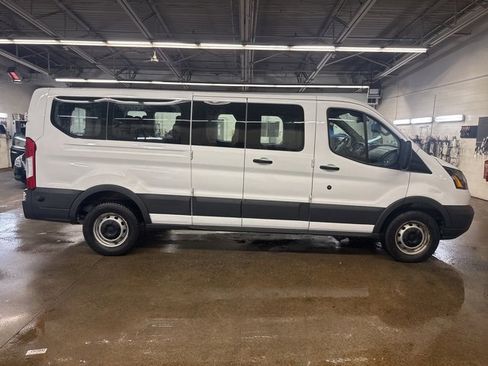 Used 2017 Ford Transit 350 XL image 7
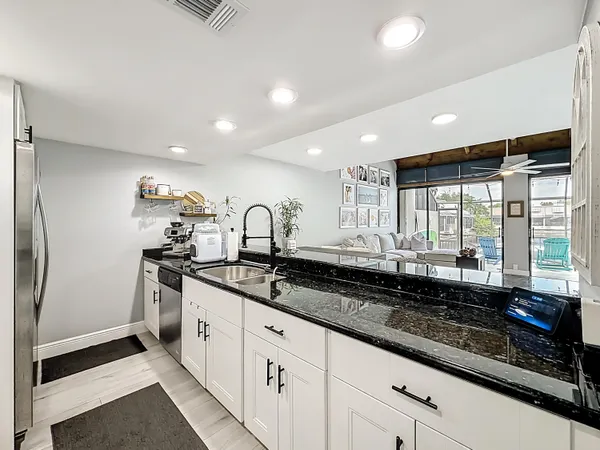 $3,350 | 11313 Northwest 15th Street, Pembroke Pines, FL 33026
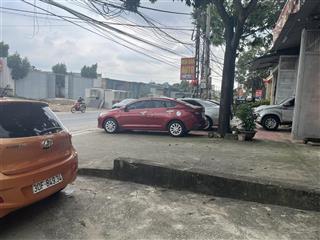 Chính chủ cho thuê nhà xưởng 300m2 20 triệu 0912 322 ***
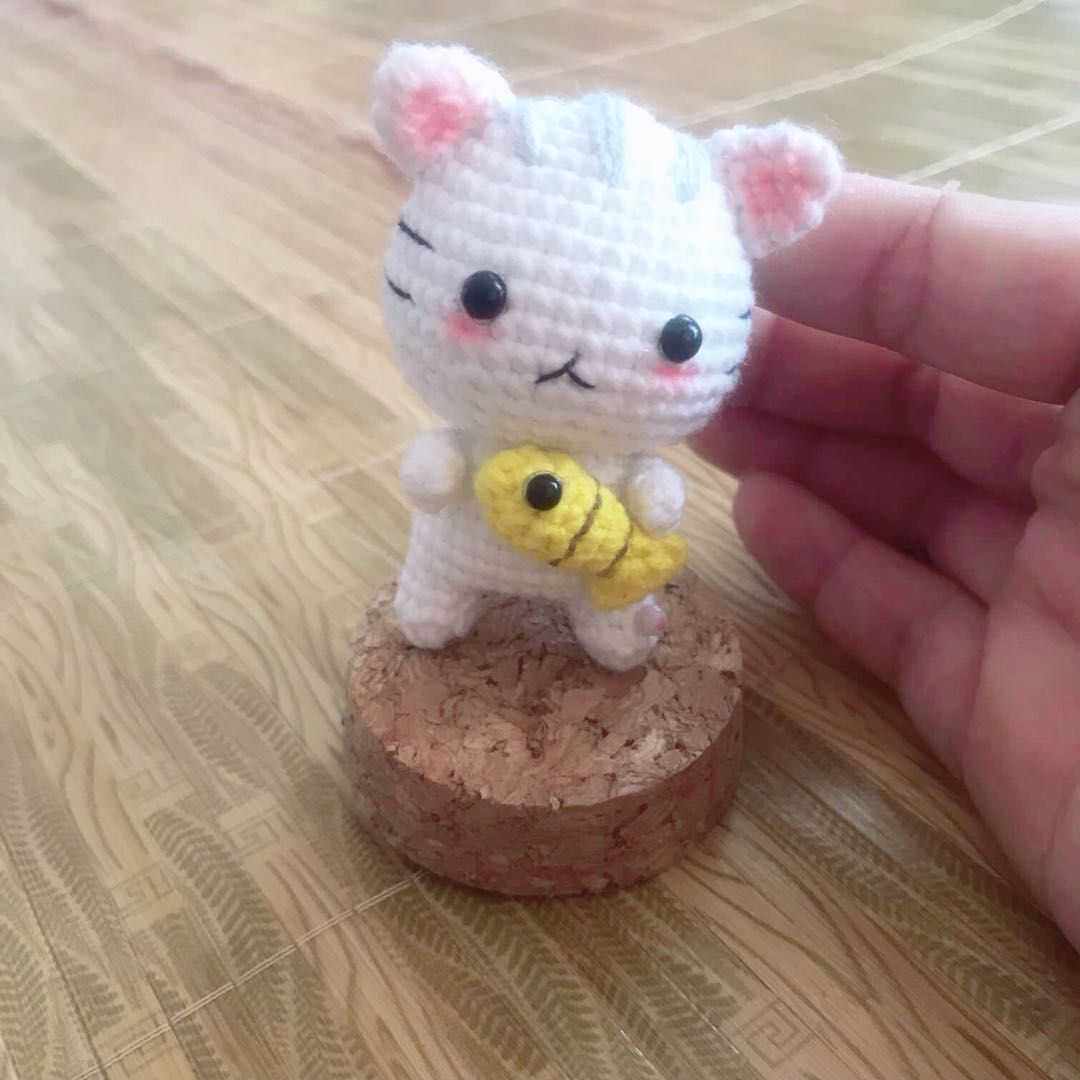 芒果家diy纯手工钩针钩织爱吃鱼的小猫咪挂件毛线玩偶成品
--
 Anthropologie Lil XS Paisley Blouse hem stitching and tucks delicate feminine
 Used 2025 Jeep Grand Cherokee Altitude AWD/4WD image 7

(Work to be completed): Copy out the lines above from the line containing "Used 2017 Ford Transit 350 XL image 7" through the line containing "芒果家diy纯手工钩针钩织爱吃鱼的小猫咪挂件毛线玩偶成品", exactly, and keep the pictures out.

(Your solution):
 Used 2017 Ford Transit 350 XL image 7
 $3,350 | 11313 Northwest 15th Street, Pembroke Pines, FL 33026
 Chính chủ cho thuê nhà xưởng 300m2 20 triệu 0912 322 ***
 芒果家diy纯手工钩针钩织爱吃鱼的小猫咪挂件毛线玩偶成品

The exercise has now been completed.